Donald Trump returned to a familiar refrain on Thursday, insisting once again that he had done nothing wrong even as new challenges pop up seemingly every day for the ex-president who faces a bevy of criminal and civil investigations.
Mr Trump returned to Iowa for a town hall-styled event with his favoured cable network, Fox News, moderated by primetime opinion host Sean Hannity, who is now the Fox star probably closest to the former president given the firing of Tucker Carlson, the network’s previous star pundit.
And confronted with a new leaked recording indicating that Mr Trump knew that he was retaining classified materials after his presidential term ended, he once again insisted that he had done nothing wrong.
“News broke yesterday there might be a tape recording where you acknowledged that you understood that these were classified documents [at Mar-a-Lago],” the Fox News host began.

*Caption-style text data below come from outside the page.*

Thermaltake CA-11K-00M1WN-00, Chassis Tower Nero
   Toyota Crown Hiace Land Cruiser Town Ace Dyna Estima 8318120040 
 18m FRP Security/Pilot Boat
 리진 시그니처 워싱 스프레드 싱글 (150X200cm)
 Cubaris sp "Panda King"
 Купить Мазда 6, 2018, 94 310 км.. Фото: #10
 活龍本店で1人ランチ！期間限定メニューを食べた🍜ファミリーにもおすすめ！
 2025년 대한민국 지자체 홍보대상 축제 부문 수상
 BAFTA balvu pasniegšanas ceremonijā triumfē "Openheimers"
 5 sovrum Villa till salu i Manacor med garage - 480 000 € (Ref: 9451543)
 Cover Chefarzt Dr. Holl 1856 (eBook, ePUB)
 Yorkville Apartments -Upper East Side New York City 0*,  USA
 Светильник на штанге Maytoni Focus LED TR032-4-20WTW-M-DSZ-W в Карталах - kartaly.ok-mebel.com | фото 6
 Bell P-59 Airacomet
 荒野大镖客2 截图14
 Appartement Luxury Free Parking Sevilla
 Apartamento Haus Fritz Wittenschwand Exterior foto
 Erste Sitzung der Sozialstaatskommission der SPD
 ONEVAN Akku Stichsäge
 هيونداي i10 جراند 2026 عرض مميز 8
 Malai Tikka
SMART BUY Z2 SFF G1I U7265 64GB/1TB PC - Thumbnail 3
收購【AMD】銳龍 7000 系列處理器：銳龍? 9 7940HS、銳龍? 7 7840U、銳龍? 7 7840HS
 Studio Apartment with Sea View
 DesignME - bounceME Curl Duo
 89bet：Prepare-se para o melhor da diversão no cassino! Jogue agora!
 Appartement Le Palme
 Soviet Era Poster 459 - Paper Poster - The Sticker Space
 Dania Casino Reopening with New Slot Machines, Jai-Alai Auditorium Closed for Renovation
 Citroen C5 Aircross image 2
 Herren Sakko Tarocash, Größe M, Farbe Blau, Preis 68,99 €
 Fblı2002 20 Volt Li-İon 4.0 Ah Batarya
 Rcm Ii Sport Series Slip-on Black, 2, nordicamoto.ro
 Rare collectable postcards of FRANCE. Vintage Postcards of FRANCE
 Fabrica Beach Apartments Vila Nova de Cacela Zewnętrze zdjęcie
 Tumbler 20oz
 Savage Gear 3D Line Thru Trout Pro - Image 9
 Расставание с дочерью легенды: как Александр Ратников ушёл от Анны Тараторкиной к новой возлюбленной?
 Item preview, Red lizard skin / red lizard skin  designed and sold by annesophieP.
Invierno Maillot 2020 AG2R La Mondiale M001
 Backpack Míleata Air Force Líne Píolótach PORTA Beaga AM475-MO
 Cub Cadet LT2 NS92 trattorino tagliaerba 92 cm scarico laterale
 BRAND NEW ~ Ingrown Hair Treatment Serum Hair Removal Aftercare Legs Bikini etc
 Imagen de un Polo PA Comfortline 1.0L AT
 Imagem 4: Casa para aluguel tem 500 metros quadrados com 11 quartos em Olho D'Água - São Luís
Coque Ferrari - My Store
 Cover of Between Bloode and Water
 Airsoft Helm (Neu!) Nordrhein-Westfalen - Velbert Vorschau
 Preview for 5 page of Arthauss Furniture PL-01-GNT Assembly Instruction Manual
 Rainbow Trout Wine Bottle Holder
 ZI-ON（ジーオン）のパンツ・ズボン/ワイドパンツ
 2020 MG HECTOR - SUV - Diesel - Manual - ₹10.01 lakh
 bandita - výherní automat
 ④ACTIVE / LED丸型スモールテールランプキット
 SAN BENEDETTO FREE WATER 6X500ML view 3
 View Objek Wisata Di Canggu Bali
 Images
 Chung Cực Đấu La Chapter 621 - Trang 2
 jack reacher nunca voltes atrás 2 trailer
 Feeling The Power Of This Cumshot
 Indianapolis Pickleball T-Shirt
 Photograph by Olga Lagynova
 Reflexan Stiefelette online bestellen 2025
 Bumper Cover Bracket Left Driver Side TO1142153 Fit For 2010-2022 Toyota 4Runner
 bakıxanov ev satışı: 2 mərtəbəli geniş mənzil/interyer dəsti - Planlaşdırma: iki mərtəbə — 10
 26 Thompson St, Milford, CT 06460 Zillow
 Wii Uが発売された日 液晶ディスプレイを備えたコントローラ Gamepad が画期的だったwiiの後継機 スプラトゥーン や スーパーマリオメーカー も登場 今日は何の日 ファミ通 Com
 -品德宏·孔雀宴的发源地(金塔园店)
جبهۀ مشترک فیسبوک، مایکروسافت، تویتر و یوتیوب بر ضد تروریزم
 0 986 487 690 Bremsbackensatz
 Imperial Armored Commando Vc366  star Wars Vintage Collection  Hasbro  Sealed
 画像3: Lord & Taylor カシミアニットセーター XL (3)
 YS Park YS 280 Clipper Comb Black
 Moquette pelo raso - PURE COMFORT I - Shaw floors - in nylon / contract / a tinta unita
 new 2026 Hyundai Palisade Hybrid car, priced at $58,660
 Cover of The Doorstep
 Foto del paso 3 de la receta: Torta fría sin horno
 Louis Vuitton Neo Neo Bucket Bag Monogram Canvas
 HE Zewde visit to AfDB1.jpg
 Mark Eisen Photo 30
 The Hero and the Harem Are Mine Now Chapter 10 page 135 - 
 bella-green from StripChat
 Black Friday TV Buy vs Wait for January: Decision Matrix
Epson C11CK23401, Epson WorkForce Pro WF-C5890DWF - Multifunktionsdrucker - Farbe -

While asking also if the ex-president knew who had leaked the recording of the phone call, he questioned: “Do you know anything about this?”
“No, I don’t know anything about it,” Mr Trump responded. “All I know is this: everything I did was right. We have the Presidential Records Act, which I abided by 100 per cent.”
He then moved on to attack President Joe Biden, before claiming: “I have the right to declassify as president.”
The explanation was nothing new. Mr Trump has long claimed that any classified materials seized by investigators at Mar-a-Lago were in fact previously declassified by him during his presidency — though he has shown no evidence of an order to do so.
And notably, the nod to the Presidential Records Act was another mistruth. The law does not allow for ex-presidents to retain original copies of presidential records after their terms end without the express consent of the National Archives, an agency that the former president has roundly denounced.
Nonetheless, it was a familiar claim for the one-term president who escaped two impeachment proceedings despite bipartisan support for his removal; Mr Trump has long asserted that any investigation or civil suit filed against him is merely the work of his political foes in an attempt to block him from power.
It’s the same response he is currently utilising in response to two separate investigations into his efforts to overturn the 2020 election results — one at the Justice Department, and another in Fulton County, Georgia. In the first case, he has insisted that his actions leading up to and during the January 6 attack were nothing short of presidential, and denied any responsibility for inciting the riot or failing to address it.
In the second, he has almost jokingly repeated the idea that a shocking early-January 2021 phone call between him, the top elections official in Georgia, and his legal team was “perfect” despite him being heard in an audio recording asking the official to “find” thousands of votes to close his gap with Joe Biden. That’s almost word-for-word the language he used to describe a conversation with Ukraine’s President Volodymyr Zelesnky that led to his first impeachment trial.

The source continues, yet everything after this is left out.